The problem:
Word for word, copy the line containing "Zibbs - Alien Survival screenshot 11" and every line after it in the records below, leaving pictures out.
━━━━━━━━━━━━━━━━━━━━
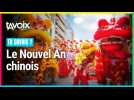 [TU SAVAIS ?] Le Nouvel An chinois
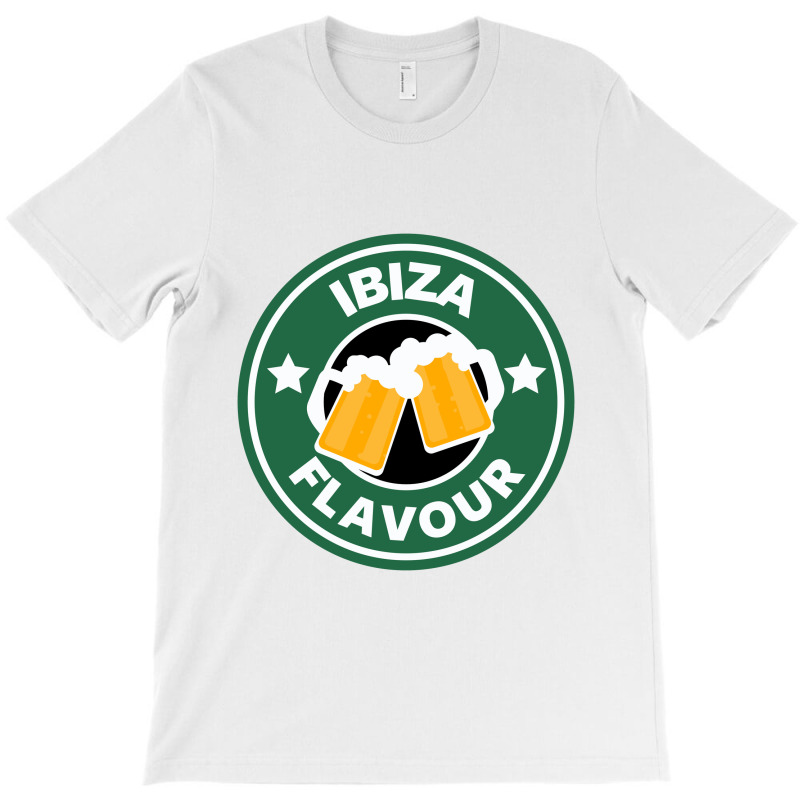 Ibiza Flavour Logo T-shirt | Artistshot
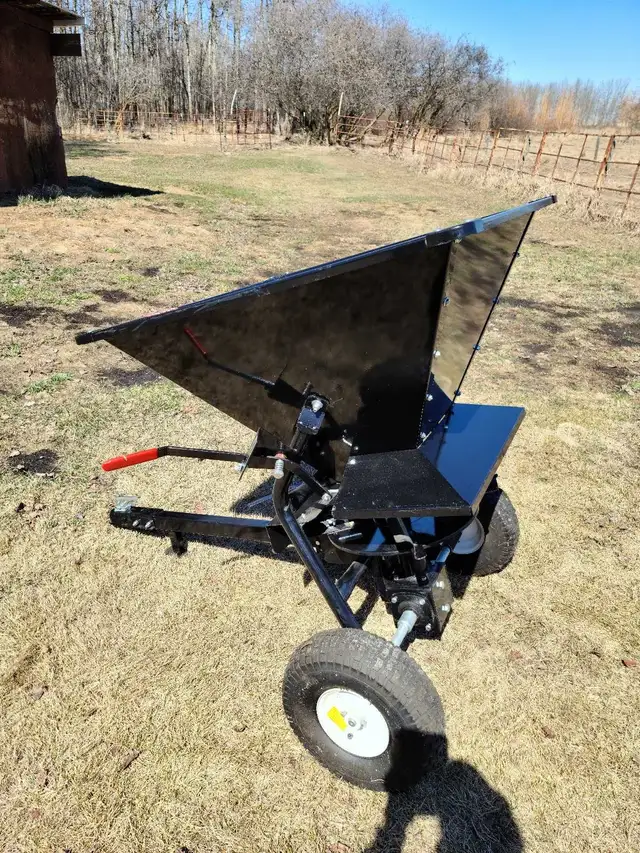 Brand New Heavy Duty Spreader - Photo 2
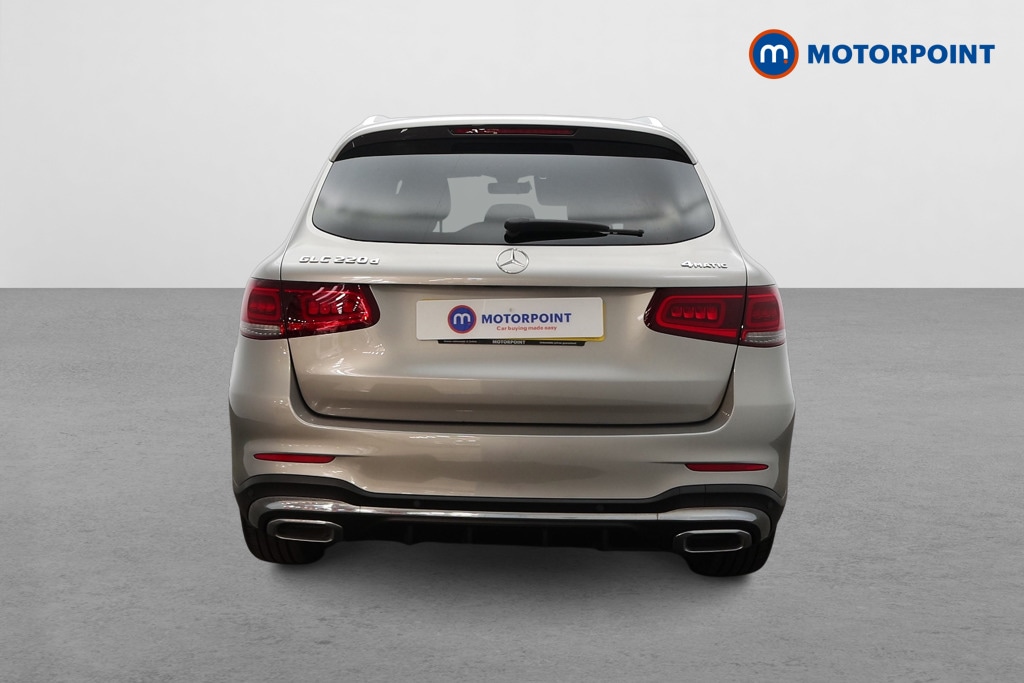 Used Mercedes-Benz GLC 2020 for sale - 76364162: Photo 6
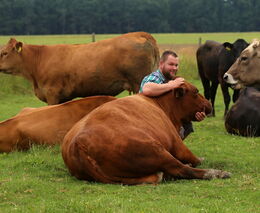Venkovský kocour uvádí: Den otevřených vrat na Statku u Návarů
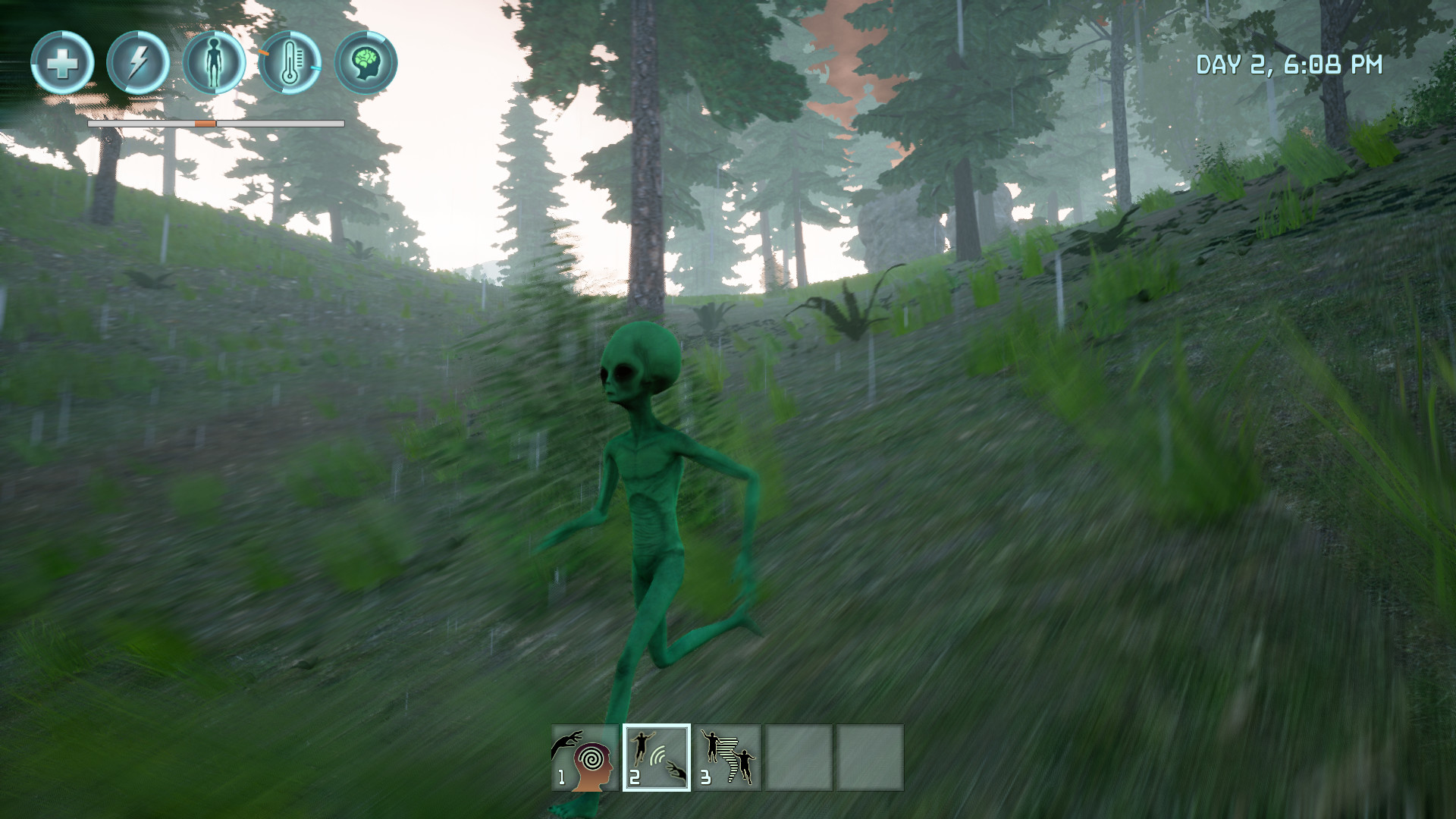 Zibbs - Alien Survival screenshot 11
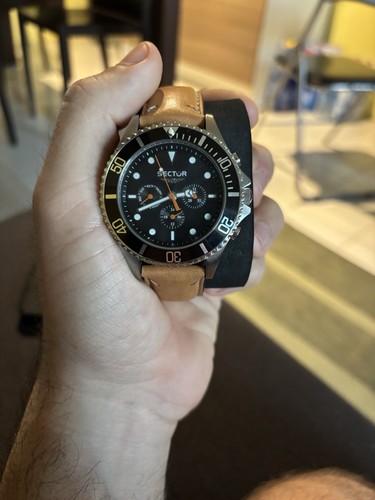 Orologio sector uomo - orologio,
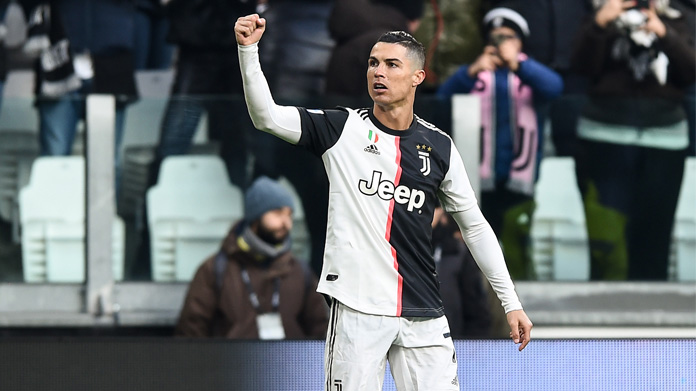 Juventus Cristiano Ronaldo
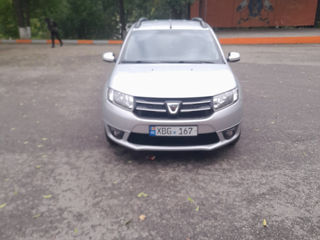 Dacia Logan Mcv foto 2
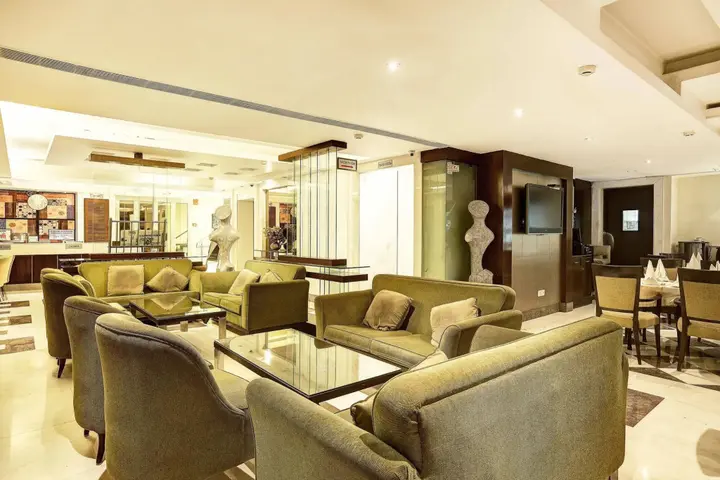 Чандигарх: Hotel Western court Chandigarh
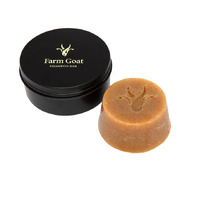 Farm Goat Shampoo Bar in Tin 95g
━━━━━━━━━━━━━━━━━━━━
Exercise result:
 Zibbs - Alien Survival screenshot 11
 Orologio sector uomo - orologio,
 Juventus Cristiano Ronaldo
 Dacia Logan Mcv foto 2
 Чандигарх: Hotel Western court Chandigarh
 Farm Goat Shampoo Bar in Tin 95g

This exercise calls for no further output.